Вот ещё одно господнее откровение: полная эмансипация женщины, но наименьшая ячейка — человеческая пара. Мужчина и женщина. Единые душой и телом. Однако вскоре и среди вождей сенсимонизма начинается борьба за власть. Базар пытается собрать вокруг себя сторонников крайностей. Родригес, ссылаясь на то, что он был другом Сен-Симона, требует себе главенства. Только Анфантен не участвует в этой борьбе.

Как-то во время проповеди, а вернее — уходя после неё, Ференц познакомился с ещё одним неофитом (новообращённым). Ритуал новой религии требовал, чтобы верующие расходились после проповеди стройно, почти военными шеренгами. Ференц уже привык к этому. Зато новичок ехидно заметил:

— Я думал, что такое только в Пруссии можно увидеть: у людей вырежут мозги, затем выдернут нервы, а вместо них; вставят проволочку — так ведь проще заставить народ плясать под свою дудку!

— Вы преувеличиваете, — не соглашается с незнакомцем Ференц. — Это французы! И нервы, а тем более кровообращение у них во всяком случае в порядке. Но вы, вероятно, не француз, если сравниваете парижан с пруссаками. — Лист вежливо умолчал о том, что у собеседника иностранный акцент.

Собеседник Листа вежливо приподнял цилиндр и представился:

— Генрих Гейне.

 

Ну вот, теперь есть с кем и поспорить! По крайней мере, так думает Ференц в первые дни знакомства. На самом деле и тот и другой не дискутируют, а произносят монологи, каждый высказывает своё мнение, отнюдь не обязательное для другого. Лист верит в сенсимонизм с убеждённостью неофита. Гейне уже знаком с философией Канта, Гегеля и Фихте и не так легковерен.

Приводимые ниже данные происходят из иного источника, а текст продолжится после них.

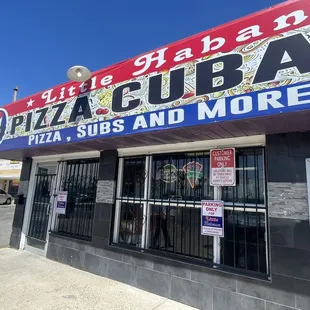 the front of a pizza restaurant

— Болтовня о женской эмансипации, — говорит он, — об отмене наследования и привилегий до тех пор останется пустой болтовнёй, пока у отца Анфантена не появятся силы для того, чтобы заставить легковерных поверить в неё, а властей — признать её.

Гейне и его «стол» в кафе «Эльдер» — маленькая немецкая колония в Париже. О Гейне многие говорят как о человеке, сердце которого покрыто ледяным панцирем. Но и покрытое льдом, как Северный полюс, оно притягивает к себе многих. И Ференц, хотя и не в силах полюбить Гейне, сразу же стал уважать его. Немецкий поэт умён, знает людей и политику. О сенсимонистах говорит, что с этим их «святилищем» однажды случится беда.

Пророчество Гейне сбылось очень скоро. Только в одном ошибся поэт: власти всё же постарались найти «основание». Выступили в защиту нравов. Ведь Анфантен проповедовал такие нормы морали, которые разрешали заключить два-три «пробных брака», после чего верующий обязан был вступить уже в вечный священный союз. Так вот министр внутренних дел, его префекты и начальники полиции, которые сами давно практически осуществили теоретические рекомендации проповедника, дружно накинулись на Анфантена. Святой отец не стал дожидаться, пока его дело рассудит Понтий Пилат, а вывесил на дверь «святилища» табличку: «Удаляюсь в одиночество». Ученики его добавили к надписи: «Анфантен — король народов».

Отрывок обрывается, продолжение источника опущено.